特許文献1記載の方法は、不特定多数が書き込むことのできるインターネット上の掲示板等に蓄積され、時刻情報が付加されている多数のメッセージから、話題を表す単語やフレーズを抽出する技術である。抽出した話題情報に基づいて、メッセージ群を分類・整理すれば、閲覧を高速化することができる。
特許文献1記載の方法では、単語やフレーズの出現密度(単位時間当たりの出現回数)やメッセージの新しさを考慮し、任意の時刻における単語やフレーズの話題スコアを演算することができる。
しかし、各単語やフレーズについて、話題スコアの演算に必要な統計量を、各時刻(メッセージの出現時刻)毎に保持する必要があるので、時間が経過してメッセージが増加するにつれ、記憶に要する記憶領域の量が増加する。新しくメッセージが入力されると、この入力されたメッセージに含まれている単語やフレーズに対し、各時刻毎に保持している統計量を、それぞれ演算する必要があり、インデクスを予め構築しておくことによって、これらの演算を高速に行う工夫をしている。しかし、メッセージの増加に伴い、ひとつひとつの単語やフレーズに対して、演算すべき統計量の数が増加するので、いずれは処理速度の低下を免れないという問題がある。
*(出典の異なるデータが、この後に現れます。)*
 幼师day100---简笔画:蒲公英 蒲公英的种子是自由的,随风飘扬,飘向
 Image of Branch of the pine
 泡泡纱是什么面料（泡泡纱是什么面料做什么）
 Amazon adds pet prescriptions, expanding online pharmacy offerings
非特許文献1記載の発明は、文書間の類似度を演算し、類似度が高い2文書の文書間距離は、小さく、類似度が低い2文書の文書間距離は、大きいとみなし、距離の近い文書同士を集約することによって、類似文書を分類する技術である。特に、類似度演算に必要な単語出現回数等の統計量の演算を高速に行う技術である。文書が古くなるほど、徐々に文書自体の重要度を下げるので、古い文書は自然に、重要度が0になり、影響力がなくなるので、特許文献1記載の発明のように、文書の増加に伴って、明示的に文書を破棄する必要がない。言い換えれば、古くなった文書を自然に消滅させる技術である。一度集計した統計量を保持し、これを演算し、管理するので、文書集合が増加した場合にも、新着文書に対してのみ、単語を集計すればよく、文書が逐次増加する状況において、特に有効な技術である。
特開2006−172424号公報
石川佳治、北川博之著「忘却の概念に基づくインクリメンタルな文書クラスタリング手法」電子情報通信学会技術研究報告資料、Vol.101、No.192、DE2001-55、pp.145-152、2001年7月。情報処理学会研究報資料、2001-DBS-125(I)、Vol.2001、No.71、125-41、pp.313-320、2001年7月。
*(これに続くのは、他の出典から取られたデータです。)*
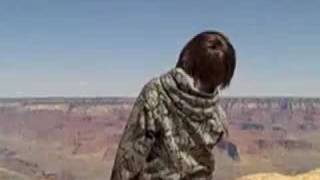 Kid Falls off Rim of Grand Canyon Part II [upl. by Nell987]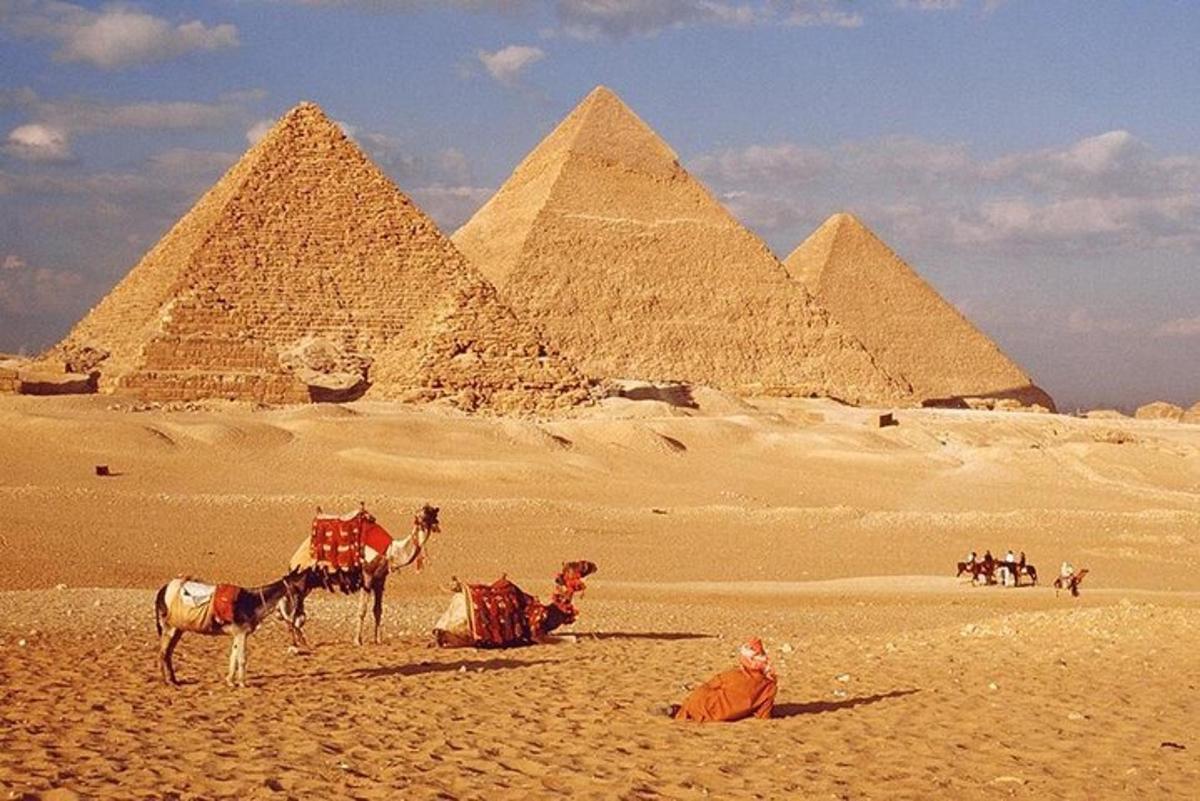 um grupo de camelos em frente às pirâmides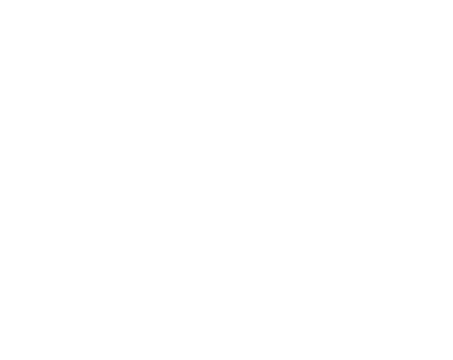 Logo 11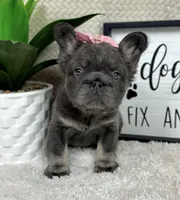 Fluffy AKC big rope girl!, a female French Bulldog for sale in Bargersville, IN – 3 of 6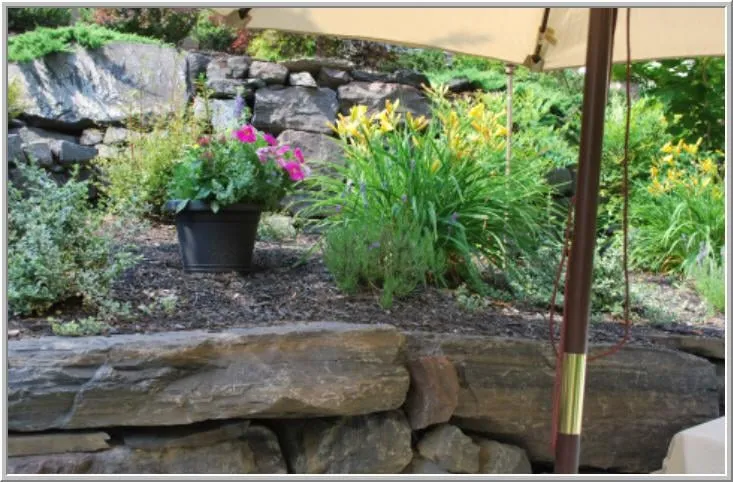 Local lawn care service in Wycombe, PA - Marrazzo's North River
上記特許文献1記載の発明では、文書が増加すると、計算量が増加するという問題がある。
上記非特許文献1記載の発明では、文書間の類似度が、話題の変化を反映していないという問題がある。つまり、時間の経過に従って変化する文書の傾向(文書の主題の変化)を反映した類似度にならず、人間の感覚とはあまり合致しない類似度が得られる場合が多い。
これには、原因が2点ある。古くなった文書は、他の文書との類似度が小さくなる傾向があることが、1番目の原因である。内容によらず、時間が経過するだけで、他の文書との類似度が低くなるので、人間の感覚とは必ずしも合致しない。このために、非特許文献1記載の発明によって計算された文書間の類似度を用いて、類似文書を分類すると、互いに類似する新しい文書を集約することができるが、古い文書は、どの文書ともあまり類似しないので、古い文書も含めて全てを適切に分類することはできない。
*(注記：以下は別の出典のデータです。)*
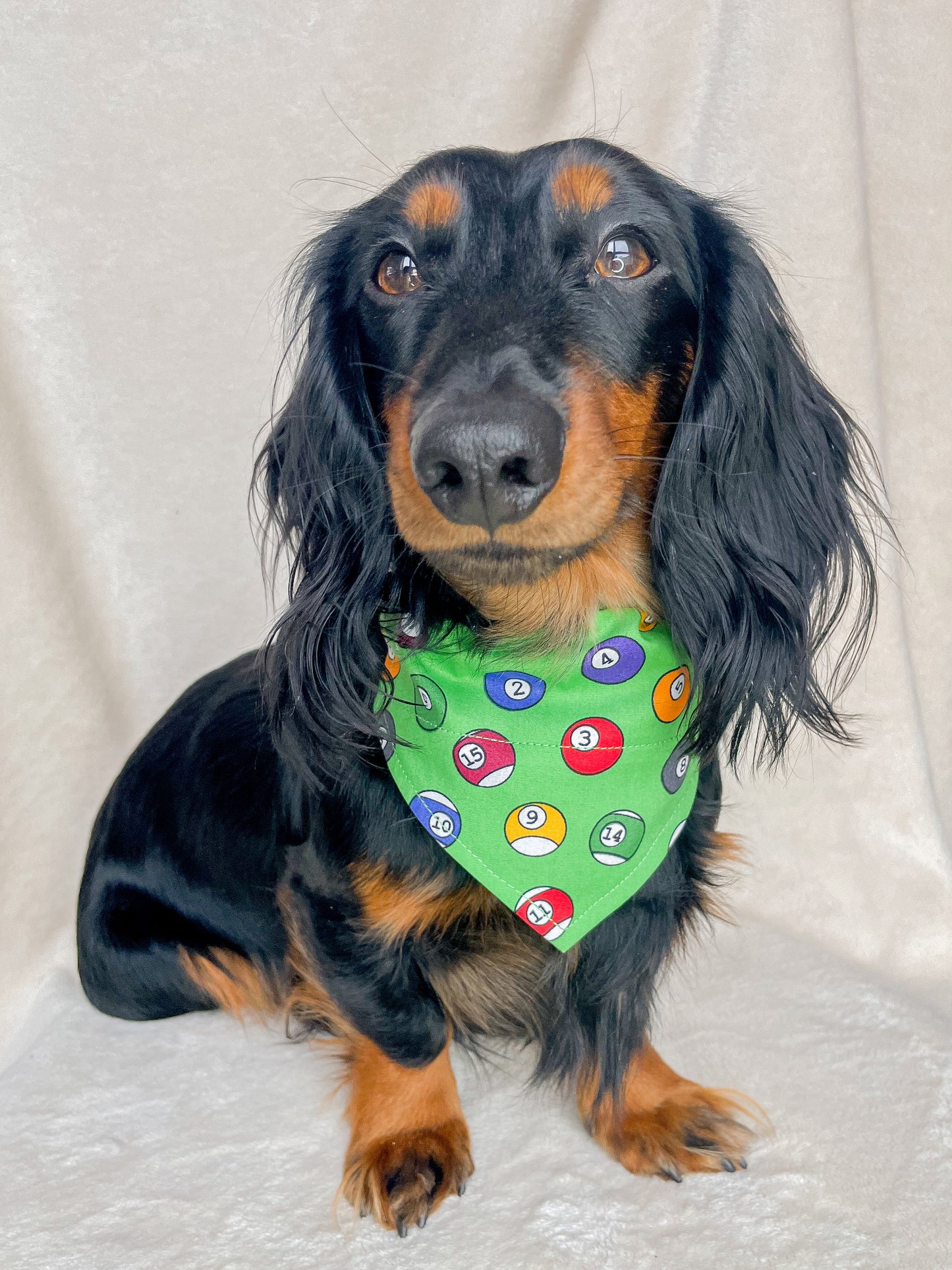 8 Ball Bandana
2番目の原因は、非特許文献1記載の発明によって計算された文書間の類似度に、話題性の大きさが反映されていないことである。文書群中での単語の出現頻度が増加傾向にあると、「最近目にする機会が増えてきた」という感覚を覚えるが、非特許文献1記載の発明では、その感覚を反映した類似度が得られない。すなわち、たとえば実世界で、ある事象が話題になると、この話題に関連する単語が、出現する文書が多くなり、所定の文書数に占める上記単語出現文書の率が増加する傾向にある。この場合、話題と関連のある単語を特に重視して文書間の類似度を演算するわけではないので、人間の感覚とはあまり合致しない類似度が得られる場合が多い。
本発明は、古い文書も含めた文書集合全体を適切に分類することができ、また、文書が増加した場合でも、更新処理が迅速である文書間距離演算装置、文書間距離演算方法、プログラムおよび記録媒体を提供することを目的とする。
本発明は、着目している単語が初めて出現した初出時に、単語出現量を0に初期化し、上記初出時における文書のうちで、着目している単語が含まれている文書の数に重みを乗算せずに、上記文書の数を加算し、この加算結果を単語出現量とし、更新の度に、前回更新時から今回更新するまでの経過時間に対応する重みを、前回更新時における単語出現量に乗算し、新たに入力された文書のうちで、上記着目している単語が含まれている文書の数を、上記乗算された結果に加算して演算し、新たな単語出現量として更新する単語出現量演算・更新手段と、上記単語出現量演算・更新手段が演算した単語出現量を記録し、更新する単語出現量記録手段と、文書を最初に入力した初回入力時に、総文書量を0に初期化し、上記初回入力時における文書の数に重みを乗算せずに、上記文書の数を加算し、この加算結果を総文書量とし、更新の度に、前回更新時から今回更新するまでの経過時間に対応する重みを、前回更新時における総文書量に乗算し、新たに入力された文書の数を、上記乗算された結果に加算して演算し、新たな総文書量として更新する総文書量演算・更新手段と、上記総文書量演算・更新手段が演算した総文書量を記録し、更新する総文書量記録手段と、上記総文書量と各単語の単語出現量とに基づいて、各単語の話題度を演算する単語の話題度演算手段と、上記演算された各単語の話題度に基づいて、文書間距離を演算し、更新する文書間距離演算・更新手段と、上記文書間距離演算・更新手段が演算した文書間距離を記録し、更新する文書間距離記録手段とを有することを特徴とする文書間距離演算装置である。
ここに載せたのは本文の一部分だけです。